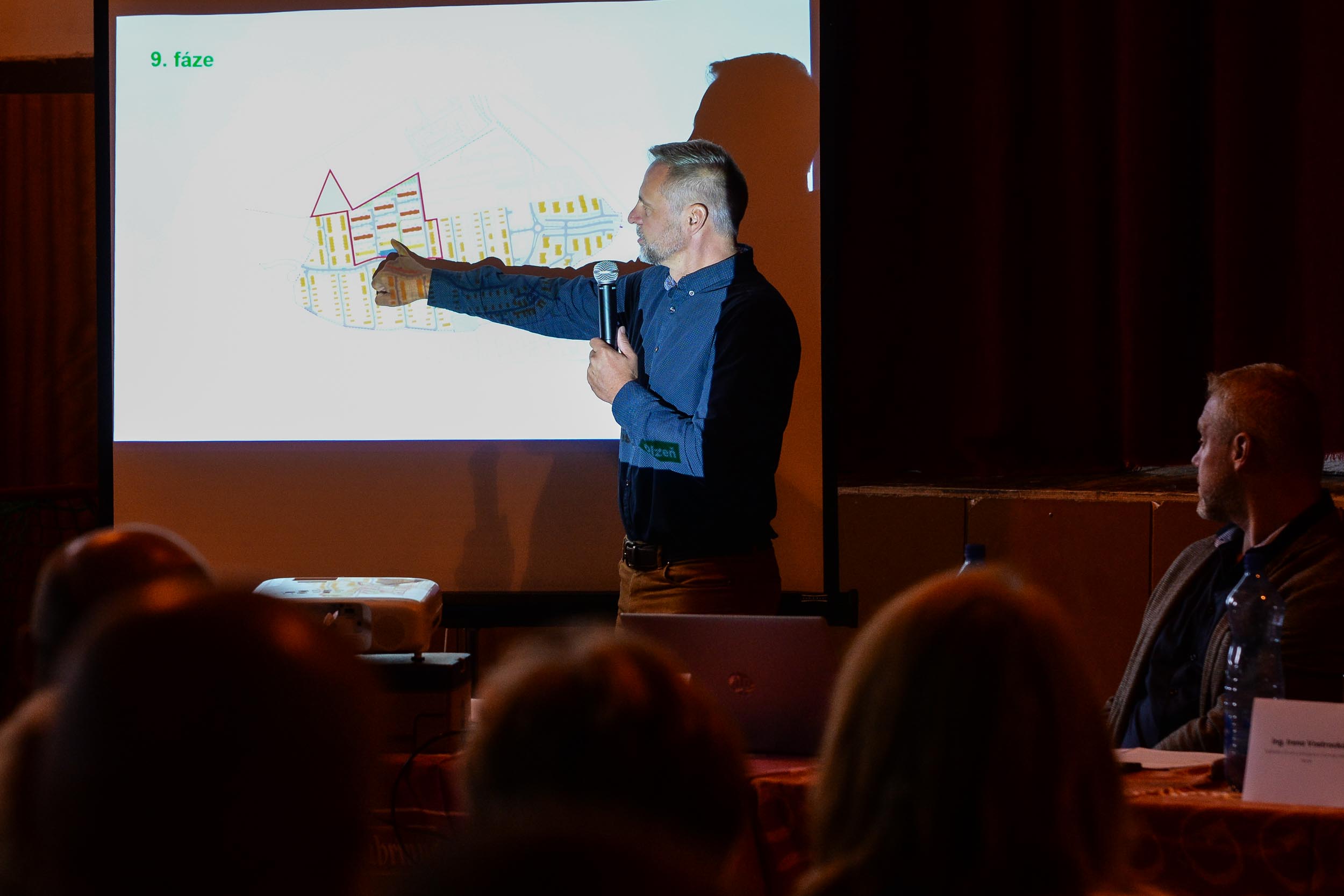 Zástupci města diskutovali s občany o rozvoji Nové Valchy (foto: M. Pecuch, 30.8.2023)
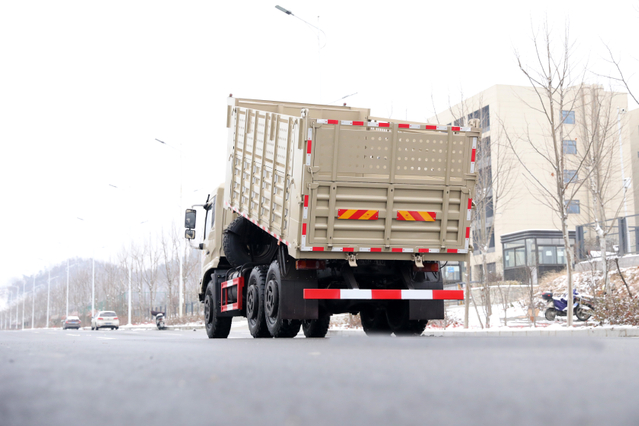 210 horsepower EQ2102G off-road special Dump truck manufacturer_Cummins 240/260/Weichai 190 customized six-wheel drive 245 flat head 153 transport vehicle configuration_6×6DF classic military vehicle 10/12/15//20-ton cargo vehicle price sales phone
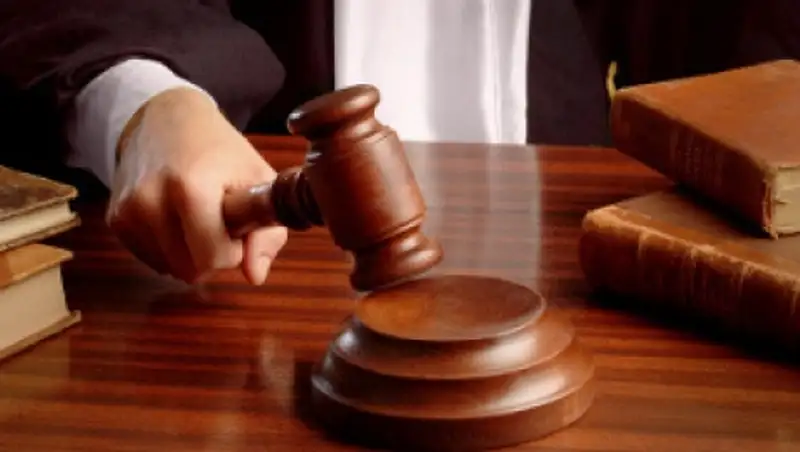 Женщину, облившую испражнениями гараж бывшей коллеги, арестовали на 2 суток в Уральске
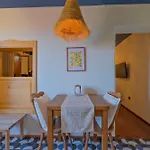 At The Heart Of - Piccolo House Φετιγιέ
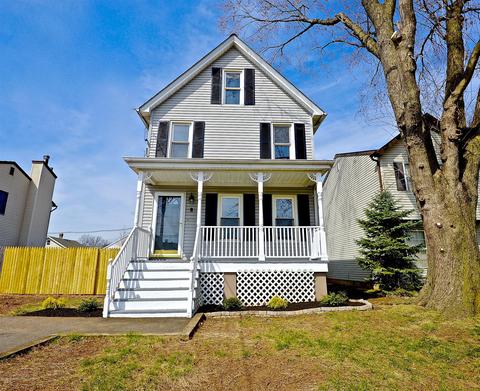 8 Cathrine St, Sewaren, NJ 07077 photo 1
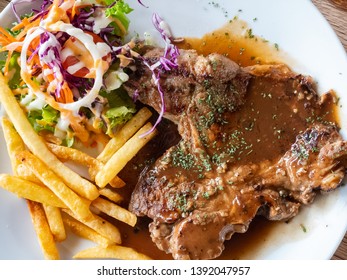 Tbone Steak Pepper Sauce Served Fresh Stock Photo 1392047957 | Shutterstock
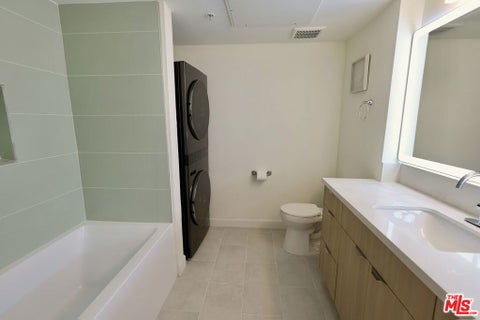 Tiny photo for 13200 Pacific #212, Playa Vista, CA 90094 (MLS # 26842587)
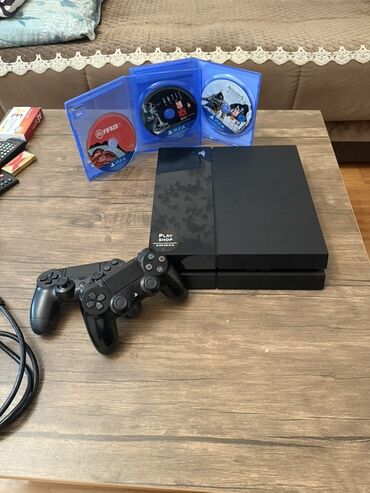kreditle playstation 3: PlayStation 4 (PS4) oyun konsolu komplekt Daxildir: - PS4 konsolu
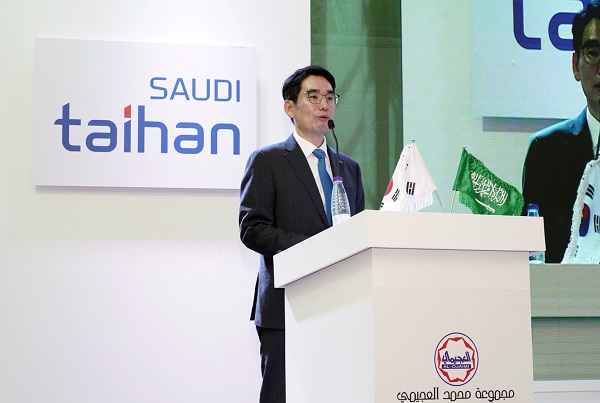 ▲ 나형균 대한전선 사장이 지난 27일 사우디대한 가동 기념식에서 축사를 하고 있다. ⓒ대한전선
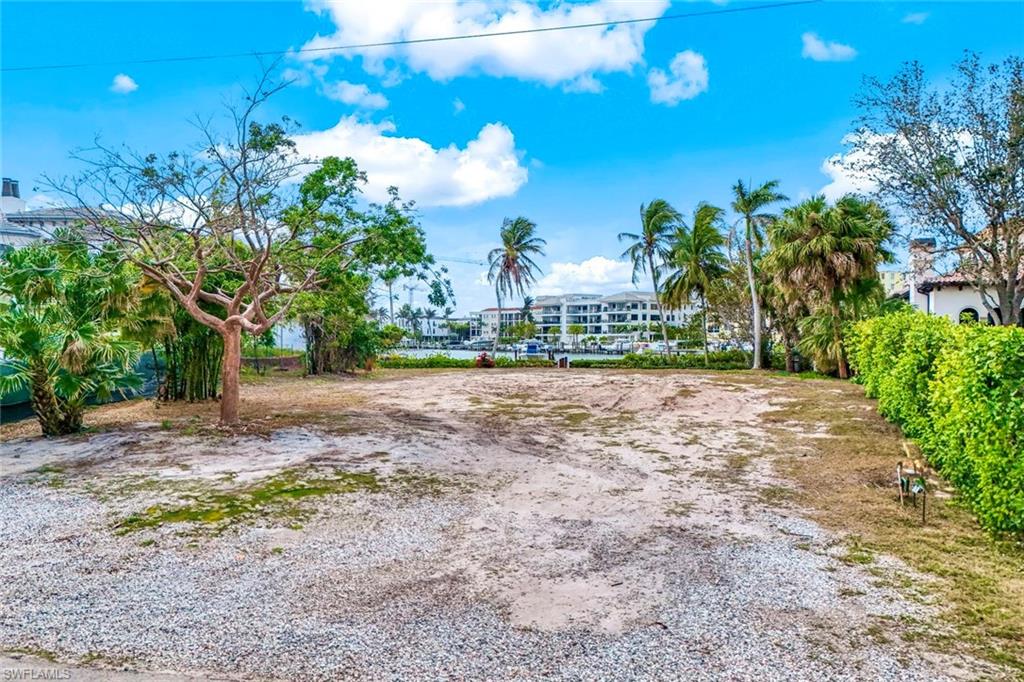 286 Springline Drive Naples, FL 34102 - Photo 11 of 13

++++++++++

PROBLEM TO SOLVE: Please write out the entire listing above exactly, but leave the pictures out.

FINAL ANSWER:
 Zástupci města diskutovali s občany o rozvoji Nové Valchy (foto: M. Pecuch, 30.8.2023)
 210 horsepower EQ2102G off-road special Dump truck manufacturer_Cummins 240/260/Weichai 190 customized six-wheel drive 245 flat head 153 transport vehicle configuration_6×6DF classic military vehicle 10/12/15//20-ton cargo vehicle price sales phone
 Женщину, облившую испражнениями гараж бывшей коллеги, арестовали на 2 суток в Уральске
 At The Heart Of - Piccolo House Φετιγιέ
 8 Cathrine St, Sewaren, NJ 07077 photo 1
 Tbone Steak Pepper Sauce Served Fresh Stock Photo 1392047957 | Shutterstock
 Tiny photo for 13200 Pacific #212, Playa Vista, CA 90094 (MLS # 26842587)
kreditle playstation 3: PlayStation 4 (PS4) oyun konsolu komplekt Daxildir: - PS4 konsolu
 ▲ 나형균 대한전선 사장이 지난 27일 사우디대한 가동 기념식에서 축사를 하고 있다. ⓒ대한전선
 286 Springline Drive Naples, FL 34102 - Photo 11 of 13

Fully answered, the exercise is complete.